What does the term "asana in yoga" mean? If you practice yoga, you've probably heard the word before. Asanas refer to the physical practice of yoga and the work of the body. The word is used to designate the various yoga postures. There is a wide range of asanas.

To better learn and understand them, it's useful to look at their history, origin and role in yoga. Acquiring this knowledge opens the door to a richer, deeper and more fulfilling practice. For the purpose of yoga is not to perform acrobatic postures, but to unify body, mind and soul.

The place of asanas in the yoga tradition

The asanas are one of the eight pillars of yoga. Yoga also encompasses :

  • yamas (codes of social conduct) ;

  • niyamas (self-respect) ;

  • pranayama (breathing exercises) ;

  • pratyahara (withdrawal of the senses) ;

  • dhyana (meditation) ;

  • dharana (concentration) ;

  • samadhi (state of wholeness).

The asanas thus represent just one of the different aspects of the yogic tradition. Originally, asanas were not intended to be practiced alone, but rather to complement other yoga practices.

A yogi can therefore practice breathing exercises, meditation or the observance of social codes of conduct, for example, without having to do any asana in yoga at all. The ultimate goal of yoga is the union of mind, body and soul.

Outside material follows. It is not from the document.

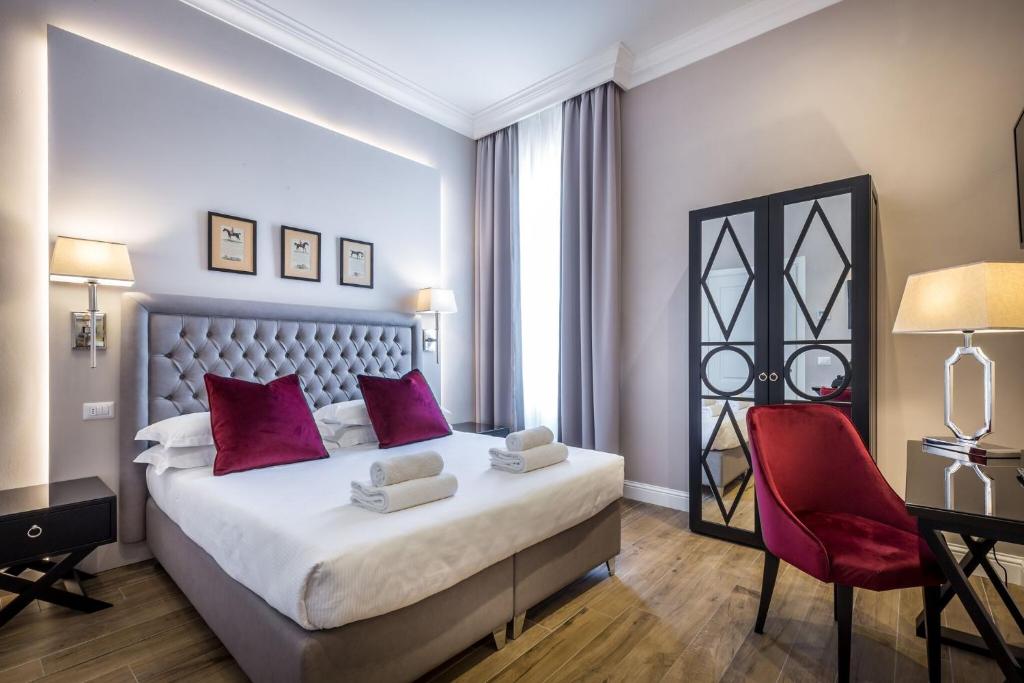 Situato a 2 km dal centro di Firenze, l'Hotel Emma Small Luxury Hotel è un accogliente hotel a conduzione familiare con terrazza affacciata sui tetti della città.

The sequence of yoga postures is a method for achieving a state of inner peace through self-discipline and self-awareness. Yet asanas are only a small part of the totality of yoga knowledge, philosophy and techniques.

The history of asana in yoga?

In Sanskrit, the term "asana" literally translates as "seat". Originally, it refers specifically to meditation postures. The first asanas were simple sitting positions designed to be performed by yogis during meditation.

They were stable, comfortable postures designed to promote concentration, calm the mind and enable you to enter a deep meditative state. Since then, numerous asanas have emerged from the various currents of yoga.

In traditional texts, non-seated postures first appear in the Gheranda Samhita, one of the three great founding treatises of Hatha Yoga, written in the 17th century. Then, in 1966, B. K. S. Iyengar included the asanas created by his teacher Krishnamacharya in his famous book "Light on Yoga".

These asanas are a fusion of traditional Indian wrestling postures and British army calisthenics. In 1974, yoga instructor Sri Dharma Mittra drew up a list of 908 asanas.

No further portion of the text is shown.